■ **EXERCISE**:
Starting at the line below that contains "VEVOR Bathtub Shower" and ending at the line that contains "Botanical postage stamp", retype each line exactly as it stands, but omit the pictures.

■ **RECORDS FOR THIS TASK**:
━━━━━━

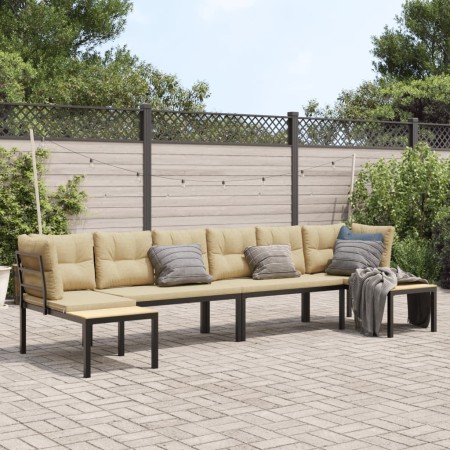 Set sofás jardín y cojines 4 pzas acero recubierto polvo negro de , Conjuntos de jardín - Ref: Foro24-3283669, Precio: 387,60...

━━━━━━

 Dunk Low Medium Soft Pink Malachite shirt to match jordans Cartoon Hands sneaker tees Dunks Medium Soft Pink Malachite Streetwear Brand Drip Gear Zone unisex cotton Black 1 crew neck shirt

━━━━━━

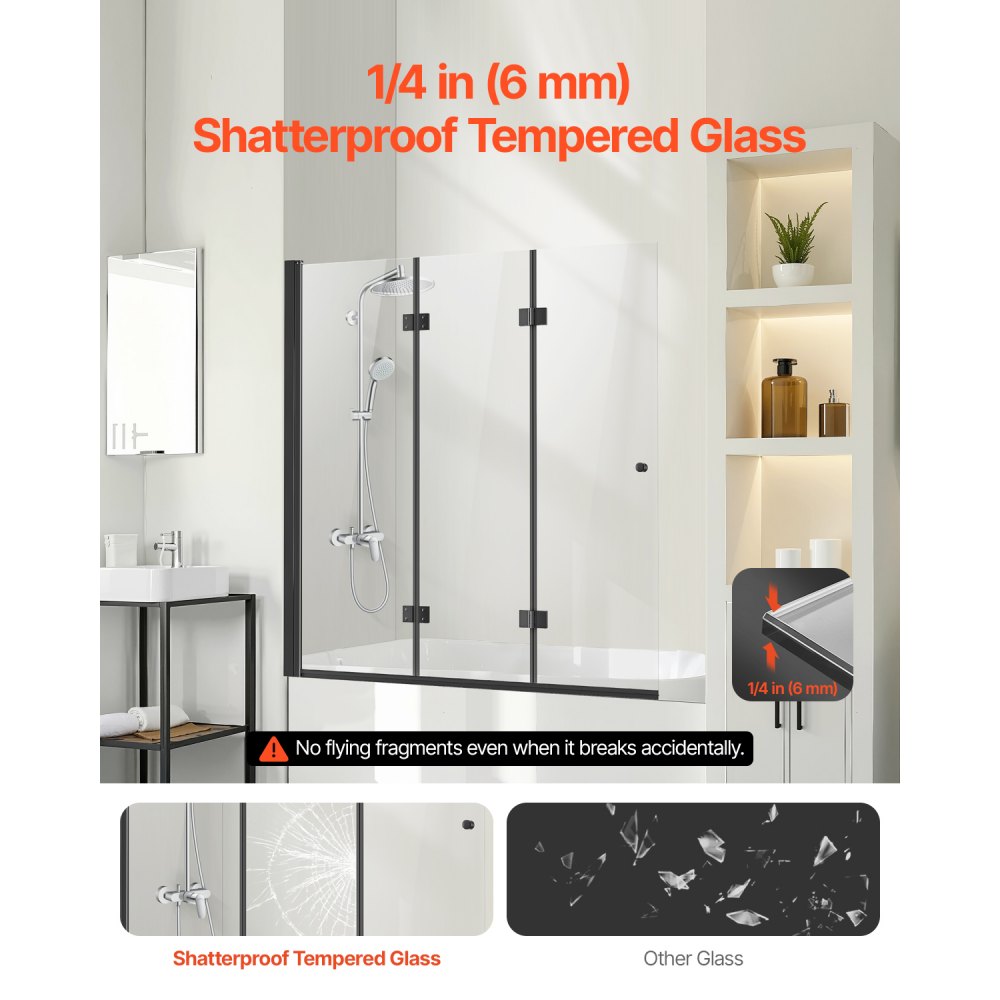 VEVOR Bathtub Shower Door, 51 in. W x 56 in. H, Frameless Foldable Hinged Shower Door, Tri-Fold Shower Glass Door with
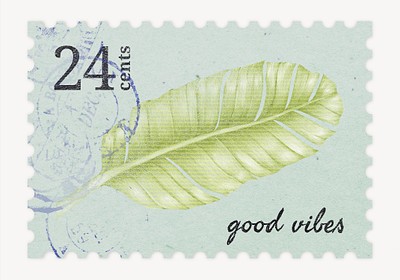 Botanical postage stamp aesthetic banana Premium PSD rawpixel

━━━━━━

■ **ANSWER TO THIS PROBLEM**:
 VEVOR Bathtub Shower Door, 51 in. W x 56 in. H, Frameless Foldable Hinged Shower Door, Tri-Fold Shower Glass Door with
 Botanical postage stamp aesthetic banana Premium PSD rawpixel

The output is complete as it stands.